Sector: Industrials
RXO INC · Meeting: May 12, 2026
Directors FOR
1
Directors AGAINST
7
Say on Pay
FOR
Auditor
FOR
Election of Directors
Against Analysis
Wilkerson has served as CEO and director since RXO's spin-off in November 2022, and during his full tenure the stock has lost about 26% while the industrials sector ETF (XLI) gained roughly 62% — a gap of 88 percentage points that far exceeds the 30-point trigger threshold for companies with negative absolute returns; the 5-year return is even worse at -35%, so the longer-term record provides no mitigating relief.
Breves has served on the board since the company's 2022 spin-off, meaning her full tenure overlaps with RXO's severe stock underperformance — the stock fell about 26% while the industrials sector ETF (XLI) rose 62%, a gap of 88 percentage points that far exceeds the policy's 30-point threshold; the 5-year record does not provide relief as the underperformance is sustained.
Kingshott has served since the company's 2022 spin-off, so his entire tenure at RXO coincides with the period of severe stock underperformance — the stock dropped about 26% while the industrials sector ETF (XLI) rose 62%, an 88-percentage-point gap that greatly exceeds the 30-point threshold; the 5-year data also shows persistent underperformance, providing no mitigating relief.
Kissel has served since the 2022 spin-off and her full board tenure overlaps with RXO's significant stock underperformance — shares fell roughly 26% while the industrials sector ETF (XLI) gained about 62%, a gap of 88 percentage points well above the 30-point policy threshold; the 5-year return of -35% confirms this is not a transient dip.
Nettles has served as lead independent director since the 2022 spin-off, and her entire tenure coincides with the period of severe underperformance — the stock declined about 26% while the industrials sector ETF (XLI) gained approximately 62%, an 88-point gap that far exceeds the policy's 30-point threshold; the 5-year return is even weaker at -35%, ruling out any 5-year mitigant.
Renna has served since the company's 2022 spin-off, so his full board tenure overlaps with RXO's sustained stock underperformance — shares lost about 26% while the industrials sector ETF (XLI) gained roughly 62%, an 88-point gap that greatly exceeds the 30-point policy threshold; the 5-year return of -35% shows this underperformance is not a recent anomaly.

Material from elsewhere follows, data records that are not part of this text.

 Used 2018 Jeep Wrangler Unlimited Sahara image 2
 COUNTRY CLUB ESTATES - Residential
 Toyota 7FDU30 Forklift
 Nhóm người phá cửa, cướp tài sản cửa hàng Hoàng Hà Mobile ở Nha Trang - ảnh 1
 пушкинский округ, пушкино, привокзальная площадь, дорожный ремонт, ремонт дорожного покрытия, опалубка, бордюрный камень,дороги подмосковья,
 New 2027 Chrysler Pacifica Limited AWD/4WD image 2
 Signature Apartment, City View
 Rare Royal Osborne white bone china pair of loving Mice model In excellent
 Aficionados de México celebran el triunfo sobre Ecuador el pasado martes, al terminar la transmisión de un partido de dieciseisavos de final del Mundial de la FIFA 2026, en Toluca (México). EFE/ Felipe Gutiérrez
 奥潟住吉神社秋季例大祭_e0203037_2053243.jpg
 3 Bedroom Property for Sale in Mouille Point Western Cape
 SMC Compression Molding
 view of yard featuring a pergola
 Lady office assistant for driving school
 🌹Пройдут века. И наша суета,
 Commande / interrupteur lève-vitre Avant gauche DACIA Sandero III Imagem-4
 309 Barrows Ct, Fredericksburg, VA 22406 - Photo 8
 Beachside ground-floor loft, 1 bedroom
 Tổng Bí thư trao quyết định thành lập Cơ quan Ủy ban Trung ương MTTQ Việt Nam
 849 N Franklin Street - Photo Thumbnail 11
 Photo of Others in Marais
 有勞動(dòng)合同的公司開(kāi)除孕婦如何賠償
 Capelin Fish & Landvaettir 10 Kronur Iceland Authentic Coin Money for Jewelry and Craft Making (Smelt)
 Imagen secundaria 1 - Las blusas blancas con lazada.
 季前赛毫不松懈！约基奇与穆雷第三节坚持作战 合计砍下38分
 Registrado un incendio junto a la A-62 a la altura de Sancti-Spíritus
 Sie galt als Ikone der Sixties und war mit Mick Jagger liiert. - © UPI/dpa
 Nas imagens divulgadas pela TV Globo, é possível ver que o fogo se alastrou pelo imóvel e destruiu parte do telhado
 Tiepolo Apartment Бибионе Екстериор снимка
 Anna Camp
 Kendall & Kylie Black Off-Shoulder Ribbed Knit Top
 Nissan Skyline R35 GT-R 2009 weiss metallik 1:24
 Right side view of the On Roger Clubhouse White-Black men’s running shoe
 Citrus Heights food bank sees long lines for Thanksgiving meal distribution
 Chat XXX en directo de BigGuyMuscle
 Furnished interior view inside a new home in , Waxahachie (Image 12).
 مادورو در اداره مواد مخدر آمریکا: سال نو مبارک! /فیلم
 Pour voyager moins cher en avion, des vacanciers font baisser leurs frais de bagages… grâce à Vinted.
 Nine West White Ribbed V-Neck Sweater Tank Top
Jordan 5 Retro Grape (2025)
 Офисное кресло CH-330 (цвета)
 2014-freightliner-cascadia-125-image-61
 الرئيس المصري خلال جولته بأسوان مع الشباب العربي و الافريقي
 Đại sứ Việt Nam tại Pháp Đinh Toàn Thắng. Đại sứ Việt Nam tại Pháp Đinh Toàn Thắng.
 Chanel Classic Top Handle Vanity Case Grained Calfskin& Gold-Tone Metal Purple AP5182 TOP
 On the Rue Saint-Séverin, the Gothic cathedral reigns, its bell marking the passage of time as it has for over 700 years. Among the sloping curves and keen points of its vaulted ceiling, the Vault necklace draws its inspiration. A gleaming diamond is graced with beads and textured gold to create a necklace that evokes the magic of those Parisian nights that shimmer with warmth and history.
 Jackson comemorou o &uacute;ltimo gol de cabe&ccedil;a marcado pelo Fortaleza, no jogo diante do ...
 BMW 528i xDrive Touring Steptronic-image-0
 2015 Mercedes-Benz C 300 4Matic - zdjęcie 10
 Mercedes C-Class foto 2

Szlosek has served as audit committee chair since the 2022 spin-off, meaning his tenure fully overlaps the period of severe stock underperformance — the stock fell about 26% while the industrials sector ETF (XLI) rose roughly 62%, an 88-point gap that far exceeds the 30-point policy threshold; the 5-year return of -35% confirms the underperformance is persistent and the 5-year mitigant does not apply.
For Analysis
Cooper joined the board in June 2024, which is less than 24 months before the May 2026 annual meeting, so he is exempt from the TSR underperformance trigger under policy rules that give new directors reasonable time to contribute before being held accountable for prior performance; he has relevant transportation and financial expertise with no overboarding or attendance concerns.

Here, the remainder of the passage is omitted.